Davos Newbies Home

The perfect antidote to all that triumph of the right nonsense 

The best thing I’ve read recently on American political alignment is Mark Schmitt’s essay American Conservatism, RIP (with his also recent Can There Be a Progressive Movement Without Organized Labor at its Center? not far behind). It’s a wonderful antidote to the article I’ve read at least a dozen times by different authors on the absolute triumph of the right in America. I’ll quote at length, which is something I don’t usually do:

  Even if Bush is reelected by a sizable margin, the intellectual enterprise known as modern American conservatism has been utterly shattered and bankrupt. This is not Bush’s achievement alone, but the Republican Congress’s as well, the result of a long era of decadence and self-dealing that began with conservatism’s triumph in 1994.
  For the last several years, liberals have bemoaned the idea that conservatives seemed to have a coherent, relatively simple philosophy: small government, low taxes, free trade, strong defense but non-interventionist foreign policy. But what is left of conservatism now except tax cuts, especially tax cuts that benefit particular financial interests? Tax cuts are not conservatism. They are not a coherent worldview. They were a part of the conservative philosophy, but not an end in themselves. Stripped out of the larger framework of smaller government, of modesty about the possibilities of change, of respect for tradition and history, and of the sense that central government can be oppressive as easily as it can be liberating, tax cuts amount to nothing more than a material benefit for a few, and a long-term liability for everyone else. Put another way, imagine that the animating ideas of liberalism were reduced to this promise: “We will create a new cabinet-level agency every single year.” That’s not a vision that can attract deep loyalty, and neither is the promise of a tax cut every year.
  If Bush loses, serious conservatives, with the possible exception of extreme social conservatives, will have to ask themselves what they gained from four years of unfettered power, and ten years of domination of American politics. Government is “bigger” by every measure, and more intrusive. A pet idea, Social Security privatization, was actually discredited by their president’s incompetence. Younger voters are increasingly turned off by the social conservatism, so the movement is not expanding its base. A huge new entitlement was created. The federal role in education expanded. And poor planning and dishonesty over Iraq weakened our defense, our credibility, and made it impossible to set a clear standard for when we would intervene and when not.
  All the tax cuts have done is to postpone the day we pay for these things.
  And if Bush wins, all this will still be true. Especially after a vicious campaign that offered no clear and persuasive conservative vision, it will be no easier for Bush to enact a conservative mandate. The corrupt short-term political bargains will only continue. If Bush wins, Karl Rove may be deemed a tactical genius, but the chances of a significant ideological realignment of American politics are lower than at any time since 2000. A smart conservative would surely prefer Bush to lose, if only to get the long process of intellectual rebuilding started right away.

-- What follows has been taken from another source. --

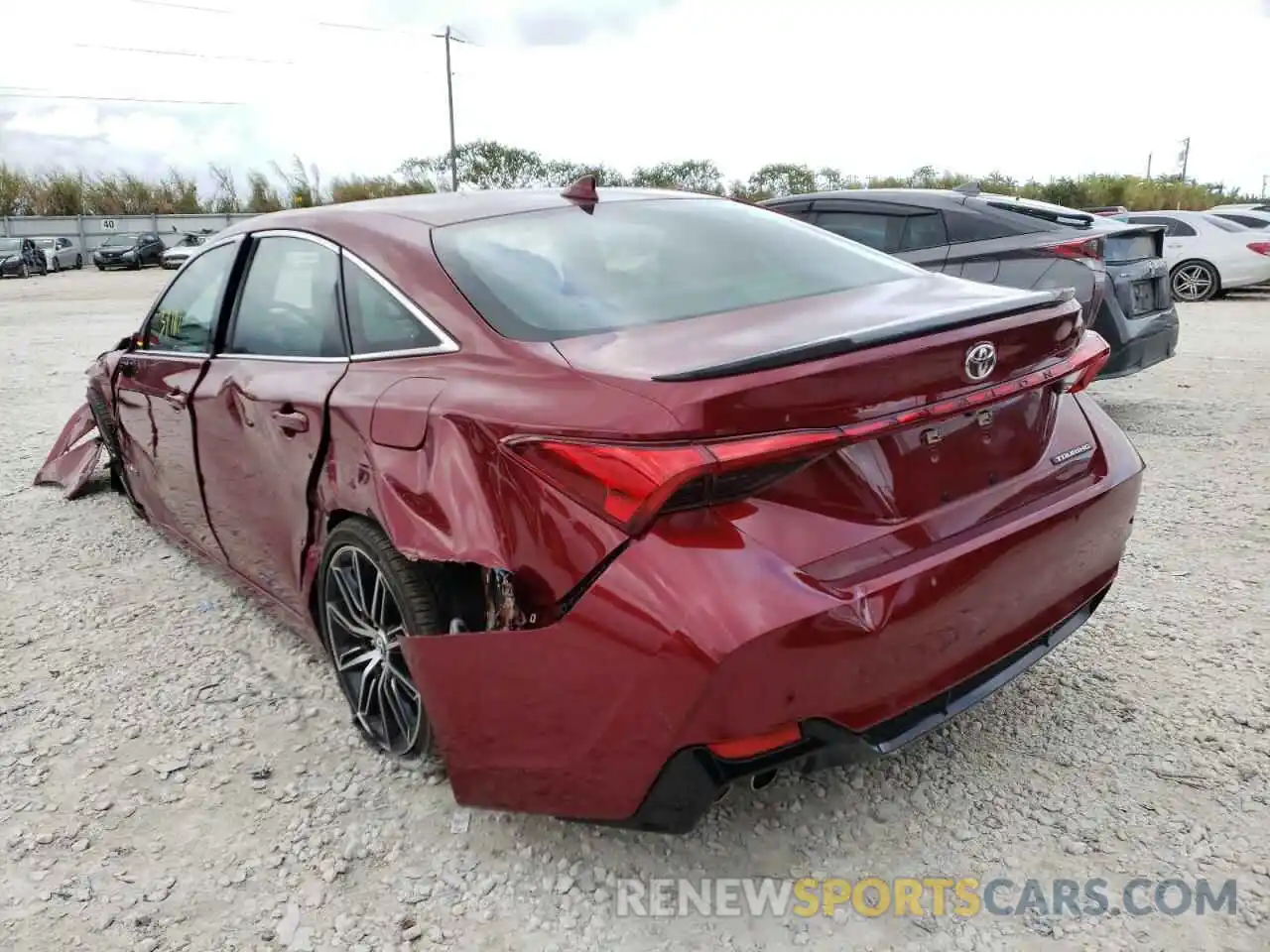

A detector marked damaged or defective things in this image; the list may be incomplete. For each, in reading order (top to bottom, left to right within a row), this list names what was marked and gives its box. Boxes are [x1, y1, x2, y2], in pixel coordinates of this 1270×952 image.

damaged front fender [33, 404, 103, 502]
red damaged sedan [35, 178, 1148, 832]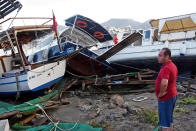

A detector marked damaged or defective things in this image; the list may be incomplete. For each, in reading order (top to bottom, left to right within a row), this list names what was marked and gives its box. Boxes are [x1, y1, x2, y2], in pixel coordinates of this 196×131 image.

damaged wooden boat [0, 17, 66, 94]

Very good news: Clinton to campaign 

BBC: “Former US President Bill Clinton will join White House hopeful John Kerry to campaign in Pennsylvania, aides say. The 58-year-old will appear at a rally on Monday, seven weeks after he had quadruple heart bypass surgery.”

This is just the shot in the arm that the Kerry campaign needs in the final days. Things are going in the right direction, but no one is better than Clinton at galvanising the supporters that will need to turn up on election day.

So where’s Bush going to be on Saturday?  

Matt Gross speculates:

  So Bush is returning to Crawford on Saturday, or so his schedule says. Atrios isn’t the only person who finds it odd that the President is taking a day off 9 days before the General Election. Speculation in the blogosphere leans toward:
  A) Bush’s health continues to deteriorate, and he needs rest/treatment, or
  B) This is the October surprise, and Bush will show up on Saturday in either Iraq or Afghanistan.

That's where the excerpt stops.